Extend the line
Mathematica, 125 bytes
ImageRotate@Image@SparseArray[Array[Floor,101,#&@@ImageLines[ColorNegate@#,Method->"RANSAC"]]+1->0,{101,101},1][[;;-2,;;-2]]&
Explanation
ImageLines detect lines in the image with method RANSAC. We take the first detected line and convert it back to an image. The whole function takes an image as the argument and returns an image.

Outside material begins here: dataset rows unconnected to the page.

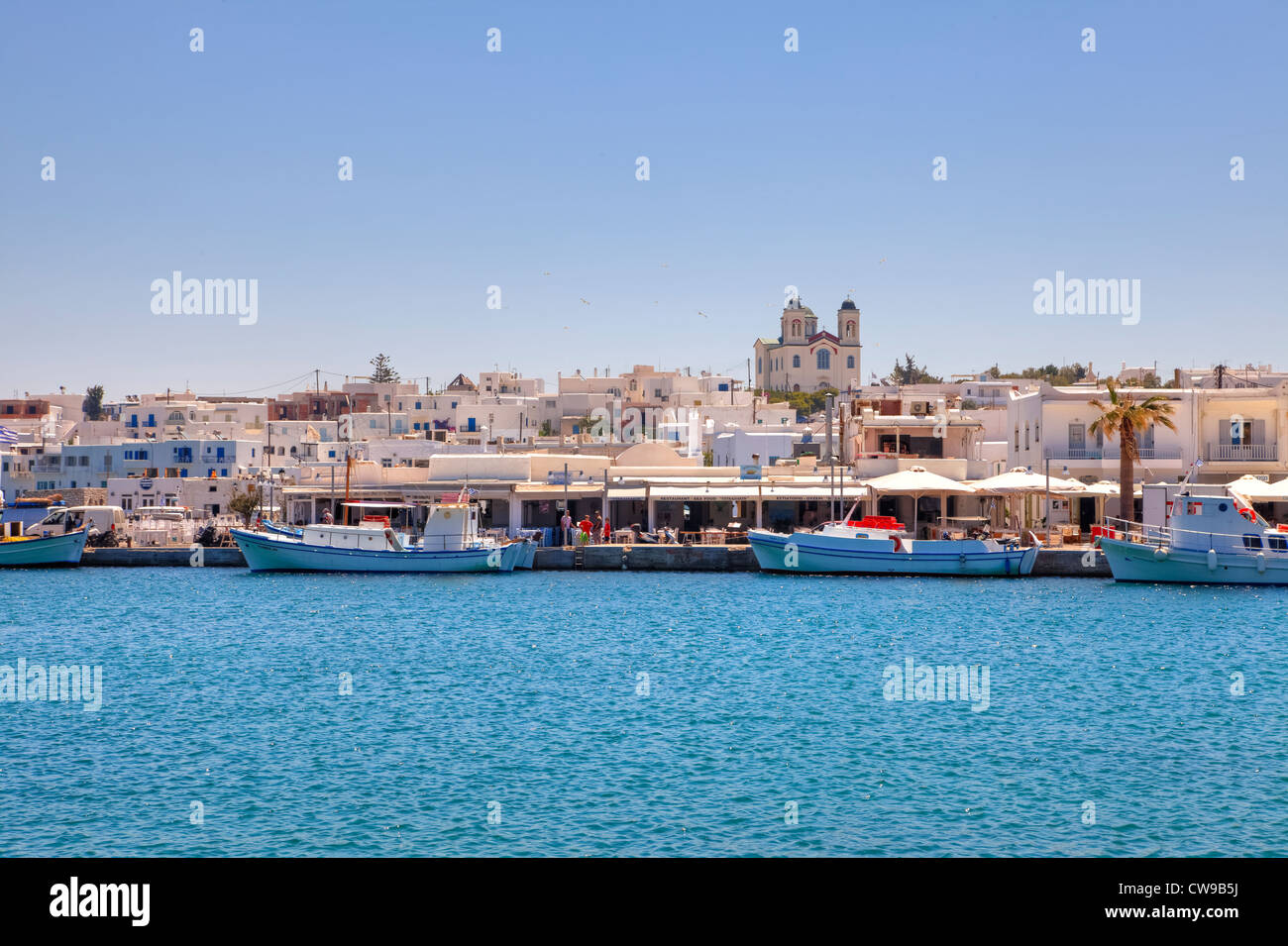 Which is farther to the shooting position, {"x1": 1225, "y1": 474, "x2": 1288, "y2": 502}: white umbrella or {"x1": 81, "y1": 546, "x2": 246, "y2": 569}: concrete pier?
{"x1": 81, "y1": 546, "x2": 246, "y2": 569}: concrete pier

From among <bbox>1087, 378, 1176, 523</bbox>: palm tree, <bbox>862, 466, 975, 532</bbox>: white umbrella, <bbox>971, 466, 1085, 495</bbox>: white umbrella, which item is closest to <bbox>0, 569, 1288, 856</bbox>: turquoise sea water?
<bbox>1087, 378, 1176, 523</bbox>: palm tree

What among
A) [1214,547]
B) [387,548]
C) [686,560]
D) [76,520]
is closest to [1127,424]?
[1214,547]

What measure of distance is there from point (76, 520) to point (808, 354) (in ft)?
307

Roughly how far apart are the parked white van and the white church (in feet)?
296

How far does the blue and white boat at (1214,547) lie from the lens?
142ft

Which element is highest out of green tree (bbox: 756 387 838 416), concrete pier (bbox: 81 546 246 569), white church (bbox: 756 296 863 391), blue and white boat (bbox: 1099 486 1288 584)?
white church (bbox: 756 296 863 391)

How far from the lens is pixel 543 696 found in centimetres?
2392

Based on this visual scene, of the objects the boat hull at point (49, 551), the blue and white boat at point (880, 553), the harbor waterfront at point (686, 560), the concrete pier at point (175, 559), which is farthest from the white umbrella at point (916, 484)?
the boat hull at point (49, 551)

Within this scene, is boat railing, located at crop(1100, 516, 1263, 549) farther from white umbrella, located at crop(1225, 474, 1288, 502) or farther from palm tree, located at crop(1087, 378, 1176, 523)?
white umbrella, located at crop(1225, 474, 1288, 502)

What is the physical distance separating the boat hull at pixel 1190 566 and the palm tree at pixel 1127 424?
8.54 feet

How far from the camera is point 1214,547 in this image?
43.5 meters

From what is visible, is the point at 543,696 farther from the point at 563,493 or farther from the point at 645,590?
the point at 563,493

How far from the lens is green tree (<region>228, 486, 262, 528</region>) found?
70125 millimetres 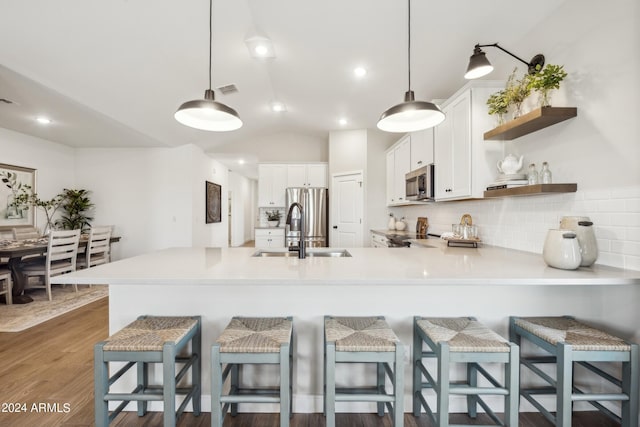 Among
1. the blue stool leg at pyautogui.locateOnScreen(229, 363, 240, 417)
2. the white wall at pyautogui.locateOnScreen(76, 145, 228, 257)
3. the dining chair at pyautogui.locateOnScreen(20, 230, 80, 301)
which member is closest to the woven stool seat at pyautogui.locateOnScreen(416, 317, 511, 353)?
the blue stool leg at pyautogui.locateOnScreen(229, 363, 240, 417)

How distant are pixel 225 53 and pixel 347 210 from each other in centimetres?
Result: 315

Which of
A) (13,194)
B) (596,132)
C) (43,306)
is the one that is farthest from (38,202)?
(596,132)

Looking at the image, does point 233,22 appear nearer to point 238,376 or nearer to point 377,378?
point 238,376

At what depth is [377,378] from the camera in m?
1.65

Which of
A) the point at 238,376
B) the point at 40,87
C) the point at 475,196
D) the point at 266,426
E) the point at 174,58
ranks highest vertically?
the point at 174,58

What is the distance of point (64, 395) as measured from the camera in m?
1.86

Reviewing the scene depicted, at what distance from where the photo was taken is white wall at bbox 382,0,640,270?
58.8 inches

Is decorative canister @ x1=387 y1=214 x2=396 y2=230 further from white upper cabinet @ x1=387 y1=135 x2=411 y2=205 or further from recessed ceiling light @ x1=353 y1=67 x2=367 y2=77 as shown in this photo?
recessed ceiling light @ x1=353 y1=67 x2=367 y2=77

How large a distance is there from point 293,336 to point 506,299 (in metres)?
1.27

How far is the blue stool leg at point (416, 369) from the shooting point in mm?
1589

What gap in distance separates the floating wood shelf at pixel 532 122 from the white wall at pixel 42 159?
6309mm

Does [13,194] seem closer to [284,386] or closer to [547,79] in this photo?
[284,386]

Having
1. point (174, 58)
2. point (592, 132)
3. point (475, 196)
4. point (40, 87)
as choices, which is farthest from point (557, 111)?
point (40, 87)

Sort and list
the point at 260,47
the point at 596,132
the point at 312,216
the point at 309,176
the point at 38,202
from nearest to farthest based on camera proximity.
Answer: the point at 596,132
the point at 260,47
the point at 38,202
the point at 312,216
the point at 309,176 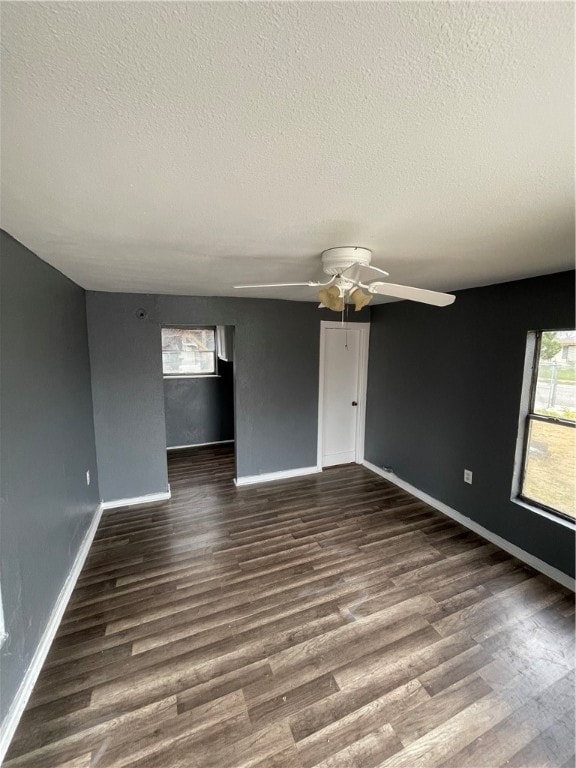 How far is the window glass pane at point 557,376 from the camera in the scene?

APL (dzaima/APL), 93 bytes
{w←⍵⋄m←÷/(⊢/-⊃)p←⍸¯1≠⍵.mat⋄y x←⊃p⋄P5.size←⍵.sz⋄P5.setup←{P5.G.bg¯1⋄P5.G.ln∊{⍵,y+m×⍵-x}¨⍳101}}
Try it online!
A dfn which takes the image as an APLImg object. Taking the image as a URL is 102: Try it online!
Uses ⎕IO←0 (0-indexing).
The function effectively takes the line, calculates its equation and redraws it.
Explanation
Slope calculation:
m←÷/(⊢/-⊃)p←⍸¯1≠⍵.mat
⍵.mat get the image as an integer matrix
¯1≠ check which pixels aren't white
⍸ get all the required coordinates
p← store in p
(⊢/-⊃) subtract the last point from the first
÷/ reduce by division
y x←⊃p store the first point in y and x
P5.size←⍵.sz set canvas size to image size
Draw the image:
P5.setup←{P5.G.bg¯1⋄P5.G.ln∊{⍵,y+m×⍵-x}¨0,w.width}
P5.setup←{...} draw the following once:
P5.G.bg¯1 set the background to white
P5.G.ln∊{⍵,y+m×⍵-x}¨⍳101 draw lines between the following points:
{...}¨0,w.width get the points for each x in 0-100:
y+m×⍵-x \$y = y_1+m(x-x_{1})\$
⍵, pair the x value with that
∊ enlist so it can be drawn